In 2006, Elizabeth Meriwether’s play, Heddatron, was performed by Les Freres Corbusier in New York. As far as I can ascertain, Heddatron was the first play to feature robots on stage performing robot characters. (Richard Maxwell’s Joe  precedes Heddatron but its life-size robot functions metaphorically in the piece ‘as the representative of the final stage of the [human] character Joe’s life’ [Parker-Starbuck, Cyborg Theatre, p. 54], as opposed to being an android character in its own right.)
Since its first production off-off Broadway, Heddatron has enjoyed multiple further productions in North America (including by Sideshow Theatre Company) and in its wake a raft of other plays featuring robots performing robot characters has followed. A sample of these are listed below.

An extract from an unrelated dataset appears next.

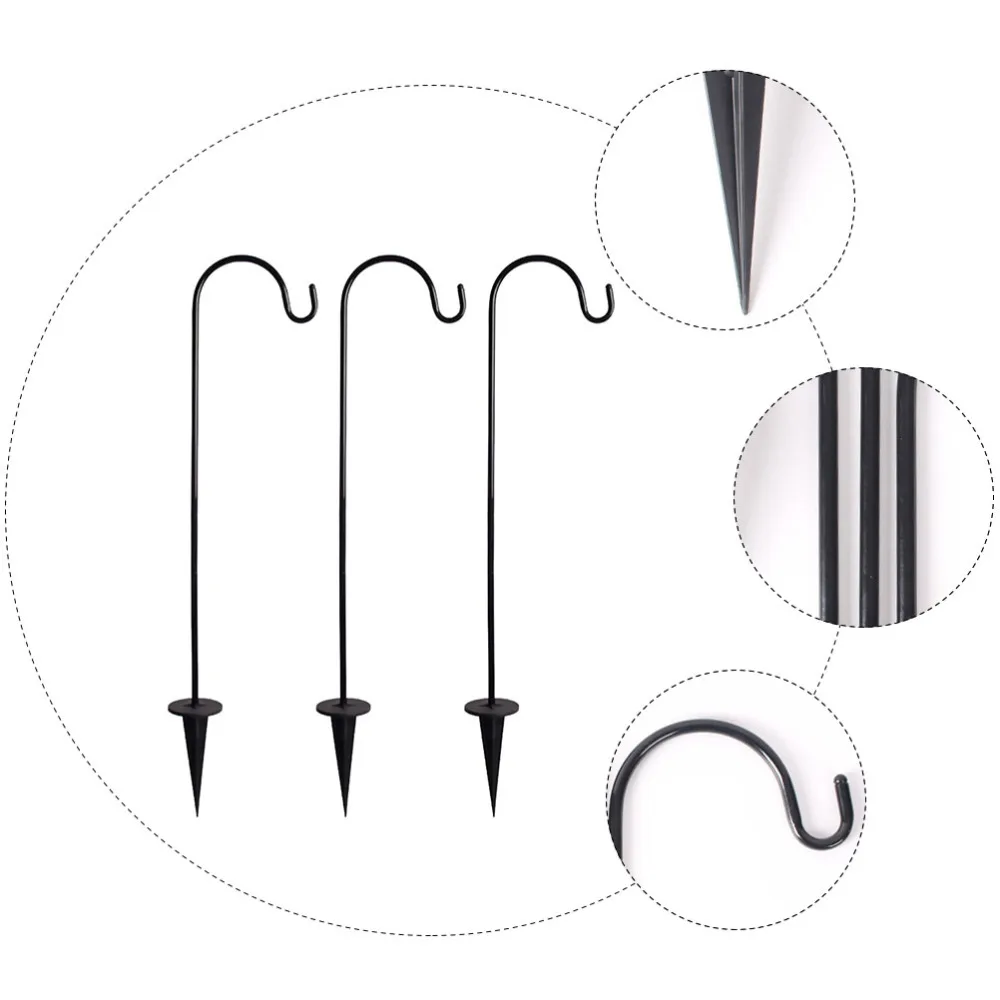 

3Pcs Outdoor Shepherd Hooks Courtyard Hanging Hooks Practical Garden Stakes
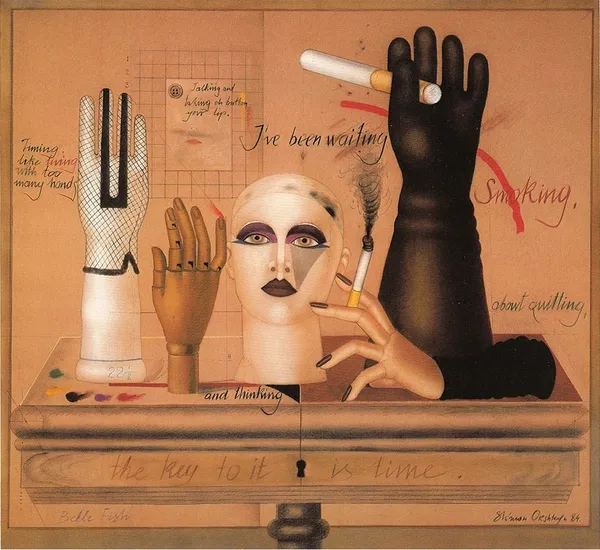 A painting of a mannequin, gloves and a cigarette.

The Uncanny Valley by Francesca Talenti was performed in October 2013 at Swain Hall, UNC, and again in July and October 2014 at The Brick Theater, New York. Both productions cast a real robot performer called RoboThespian™ (made by Engineered Arts in Cornwall, UK) amongst the play’s dramatis personae, the same model of robot that continues to perform at the Copernicus Science Centre in Warsaw in a number of short plays, which are based on work by such writers as Hans Christian Anderson and the Polish science fiction author, Stanislaw Lem.

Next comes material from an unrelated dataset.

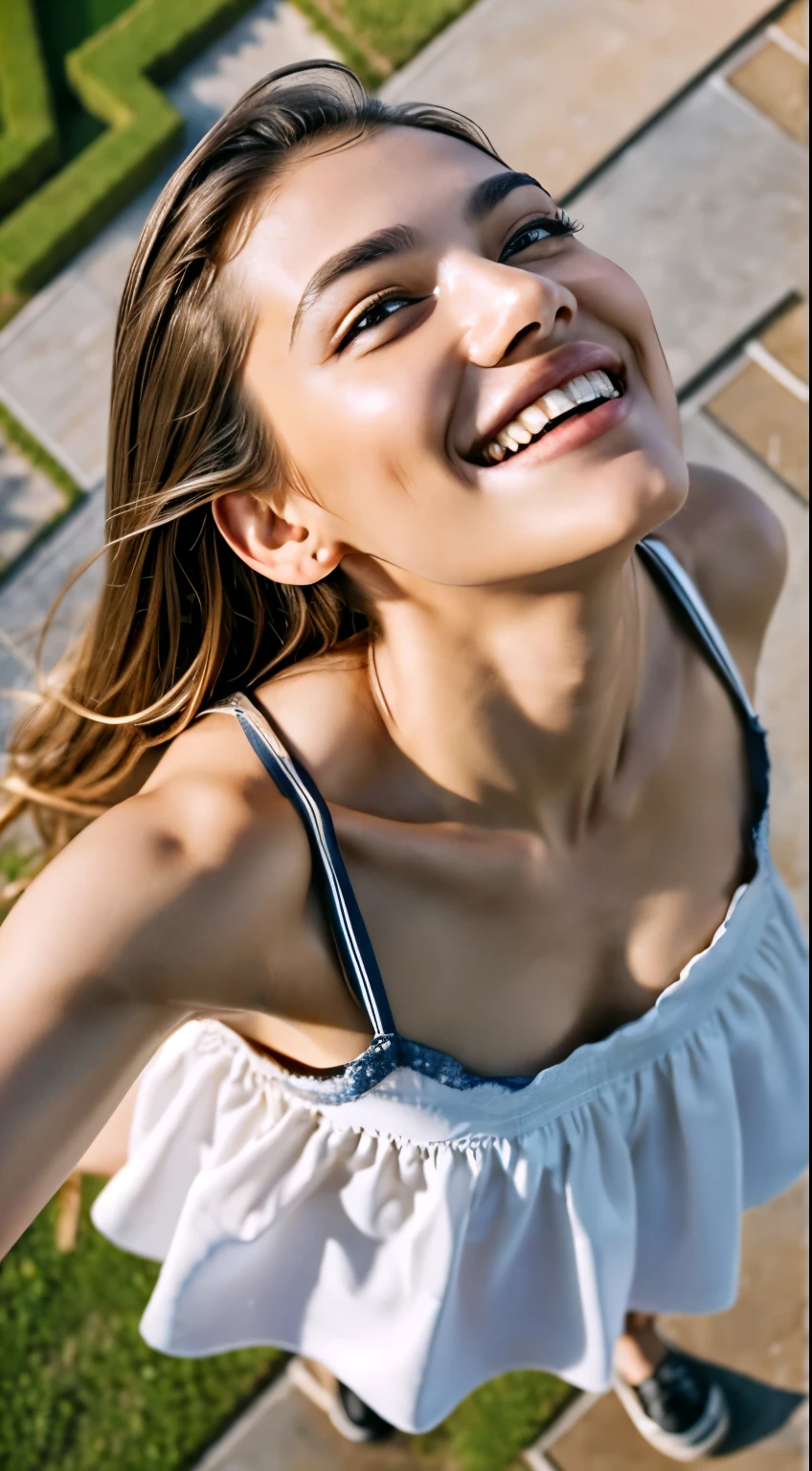 Woman looking up at the sky、NSFW,Smile of pleasure、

Meanwhile, the theatre academic and philosopher David Z. Saltz has experimented with the performative potential of Robotis’s DARwin-OP robot by employing the five hundred year old theatre tradition of Commedia dell’Arte to devise a play, Commedia Robotica (December 2012).
In 2012, Free Theatre Christchurch, in collaboration with the HIT Lab NZ (University of Canterbury), performed I Sing the Body Electric, based on the Don Juan legend, and cast two NAO robots on stage in a play that foregrounds gender and its performance, as well as the insatiable human desire for advancing technology.
In the autumn of 2013, Calgary’s Swallow-a-Bicycle Theatre company performed their play, I-ROBOT Theatre, based on the poetry of Jason Christie (I-ROBOT Poetry).
Les Voyages Extraordinaire staged their wordless play, Robots, which was written and directed by Christian Denisart, at the Théâtre Barnabé in Switzerland in 2009. The play featured two human actors and three robots, including a humanoid robot whose grace and fluidity of movement in her upper body, produces some really uncanny effects.
There are many more plays featuring robot characters that are performed by human actors. My favourite is The Uncanny Valley (2013) by Superbolt Theatre Company. This play is a love story between a female robot and a human male. It continues to have revivals, most recently being performed to school children in Norway (January 2016).
In June and July 2015, My Square Lady was performed at the Komische Oper Berlin. Starring in this piece (which was inspired by the musical, My Fair Lady, and George Bernard Shaw’s play, Pygmalion), was Myon, an autonomous learning robot whose education to become more human and to understand theatre comprised the subjects of the performance.
Most remarkable of all about this surprising ‘opera’ by Gob Squad (in collaboration with the Komische Oper Berlin) is the fact that Myon’s performance was ‘his’ own. As far as I know, Myon is the first of his kind: an ‘improvising’, autonomous robot (as opposed to a mechanical puppet).